**Problem**
Pictures are to be left out; every line from the one with "Watercolor Bird Big" through the end of the data must be transcribed exactly.

**Data section**
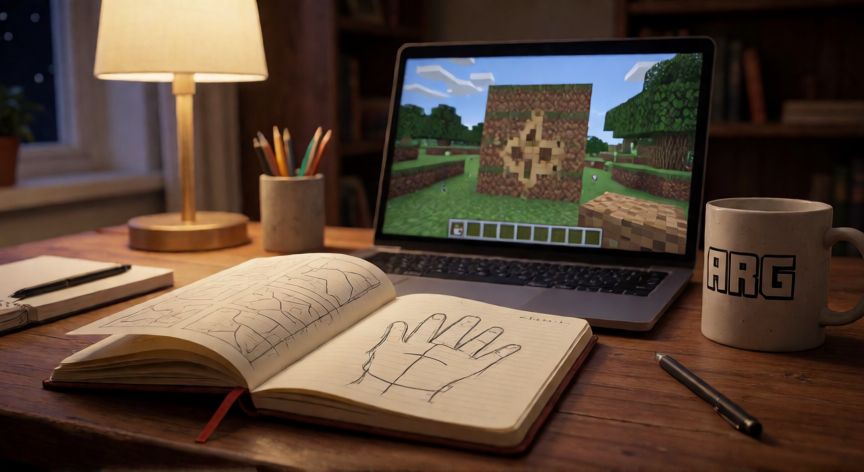 que es minecraft arg, Escritorio nocturno con cuaderno de coordenadas y pantalla de Minecraft analizando pistas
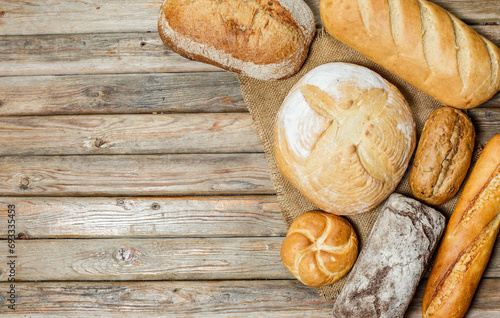 Fresh and delicious bread for eating, different breads for making toast and eating, bread made from wheat and flour, gluten, gluten-free bread, fresh bread baguette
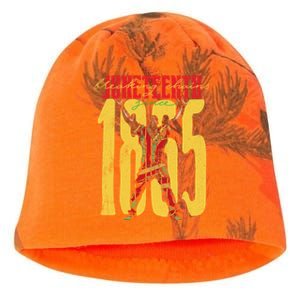 Breaking Chains Since 1865 Junenth Black History Gift Kati - Camo Knit Beanie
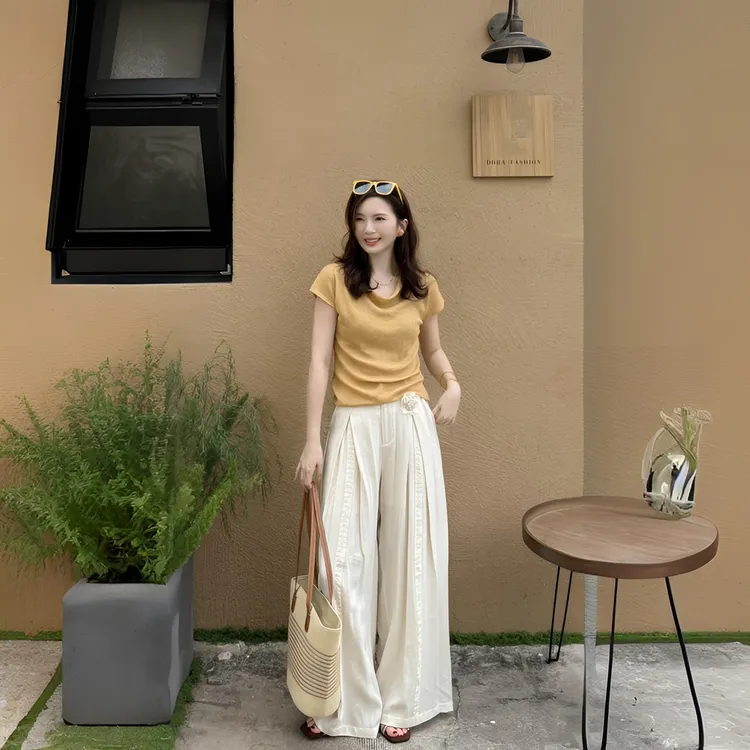 2025夏季新款法式修身短袖上衣搭高腰阔腿裤套装显瘦日常百搭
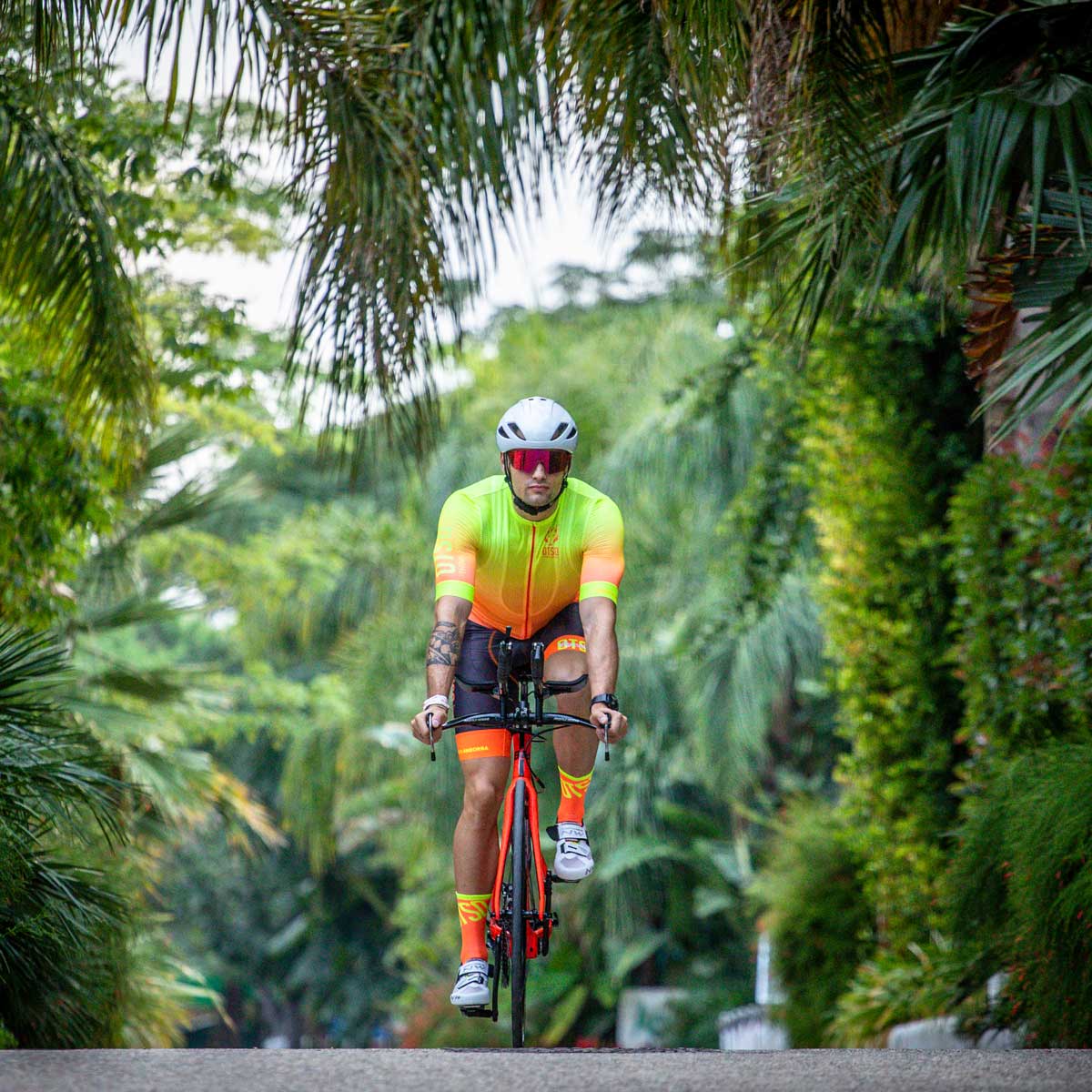 Chaussettes cyclisme hautes - Fluo Orange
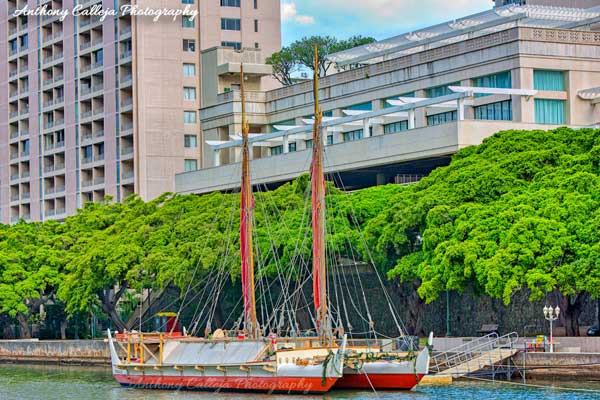 Photo of the Hokulea at the Hawaii Convention Center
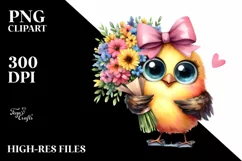 Watercolor Bird Big Eyes Clipart Product Image 3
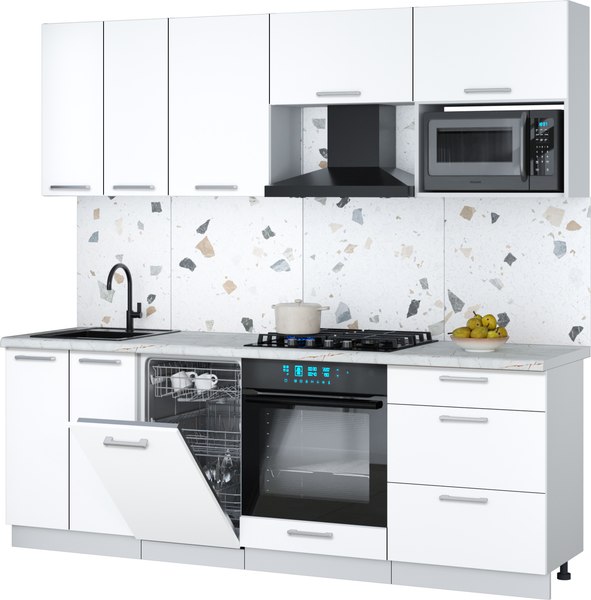 Кухонный гарнитур Интерлиния Мила Gloss 2.25-ПМ4 - фото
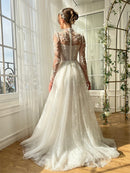 Appliques Pearl Cut-out Ball Gown Prom Dresses Floor-Length Mesh Long Sleeves Formal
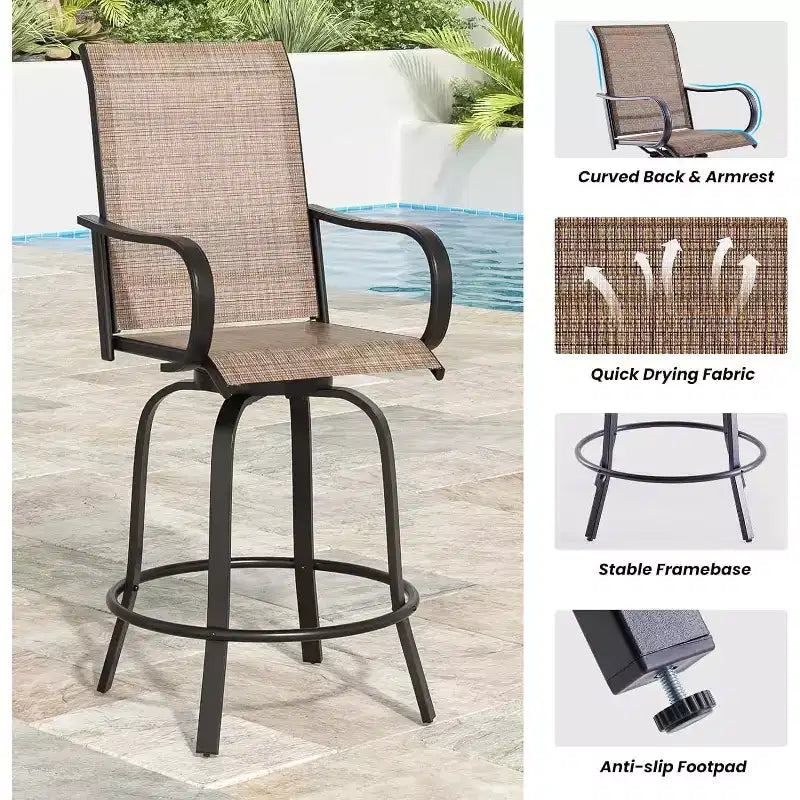 Lot de 4 tabourets de bar pivotants d'extérieur – Tissu Textilène, rotation à 360°, design ergonomique toutes saisons, hauteur de bar idéale pour balcon et terrasse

**Problem solution**
 Watercolor Bird Big Eyes Clipart Product Image 3
 Кухонный гарнитур Интерлиния Мила Gloss 2.25-ПМ4 - фото
 Appliques Pearl Cut-out Ball Gown Prom Dresses Floor-Length Mesh Long Sleeves Formal
 Lot de 4 tabourets de bar pivotants d'extérieur – Tissu Textilène, rotation à 360°, design ergonomique toutes saisons, hauteur de bar idéale pour balcon et terrasse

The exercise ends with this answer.